A first type of management frames are the beacon frames. These frames are broadcasted regularly by access points. Each beacon frame contains information about the capabilities of the access point (e.g. the supported 802.11 transmission rates) and a Service Set Identity (SSID). The SSID is a null-terminated ASCII string that can contain up to 32 characters. An access point may support several SSIDs and announce them in beacon frames. An access point may also choose to remain silent and not advertise beacon frames. In this case, WiFi stations may send Probe request frames to force the available access points to return a Probe response frame.
IP over 802.11
Two types of encapsulation schemes were defined to support IP in Ethernet networks : the original encapsulation scheme, built above the Ethernet DIX format is defined in RFC 894 and a second encapsulation RFC 1042 scheme, built above the LLC/SNAP protocol [IEEE802.2]. In 802.11 networks, the situation is simpler and only the RFC 1042 encapsulation is used. In practice, this encapsulation adds 6 bytes to the 802.11 header. The first four bytes correspond to the LLC/SNAP header. They are followed by the two bytes Ethernet Type field (0x800 for IP and 0x806 for ARP). The figure below shows an IP packet encapsulated in an 802.11 frame.

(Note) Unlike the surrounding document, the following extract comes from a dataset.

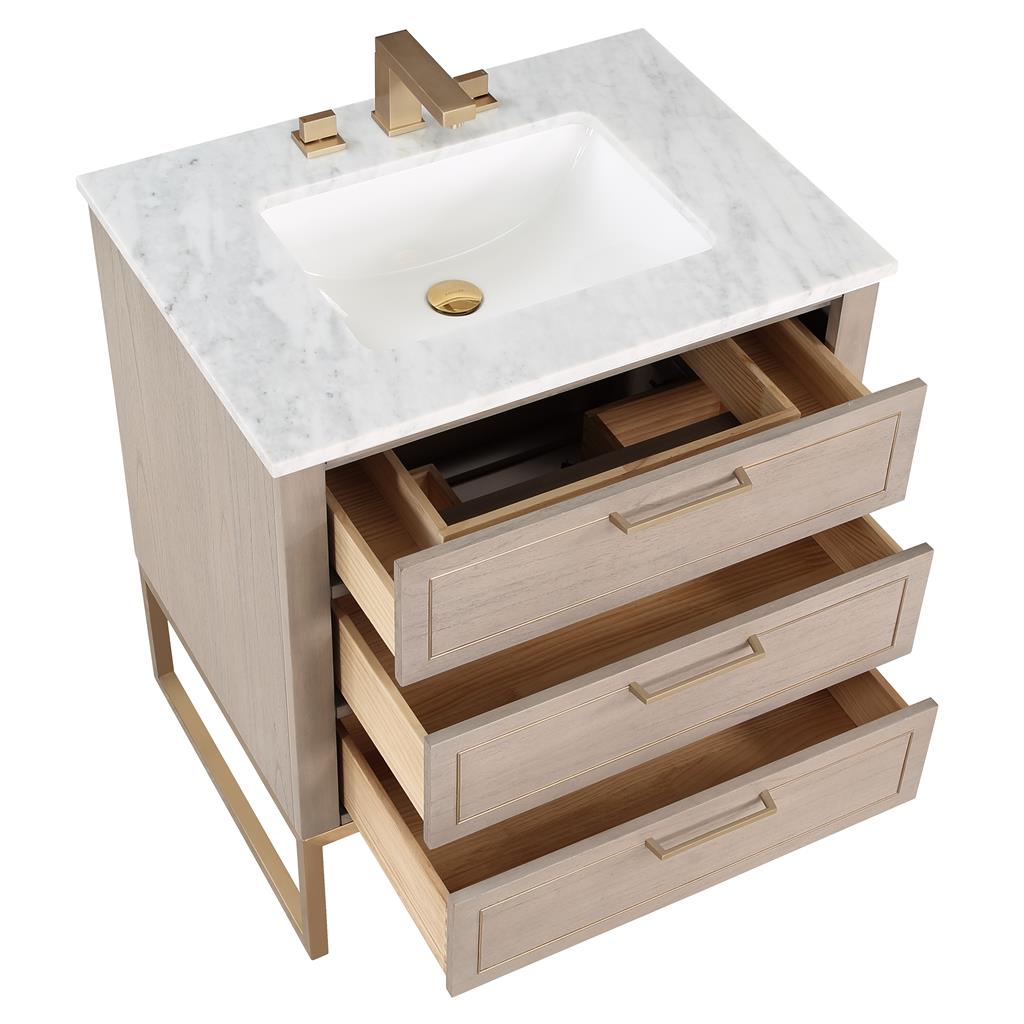 Bemma, Markham 30" Single Vanity, Cashmere Grey/Satin Brass,Carrara Marble Top#top-options_carrara-marble-top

The second important utilization of the management frames is to allow a WiFi station to be associated with an access point. When a WiFi station starts, it listens to beacon frames to find the available SSIDs. To be allowed to send and receive frames via an access point, a WiFi station must be associated to this access point. If the access point does not use any security mechanism to secure the wireless transmission, the WiFi station simply sends an Association request frame to its preferred access point (usually the access point that it receives with the strongest radio signal). This frame contains some parameters chosen by the WiFi station and the SSID that it requests to join. The access point replies with an Association response frame if it accepts the WiFI station.
In fact, the [IEEE802.11] frame format contains a fourth optional address field. This fourth address is only used when an 802.11 wireless network is used to interconnect bridges attached to two classical LAN networks.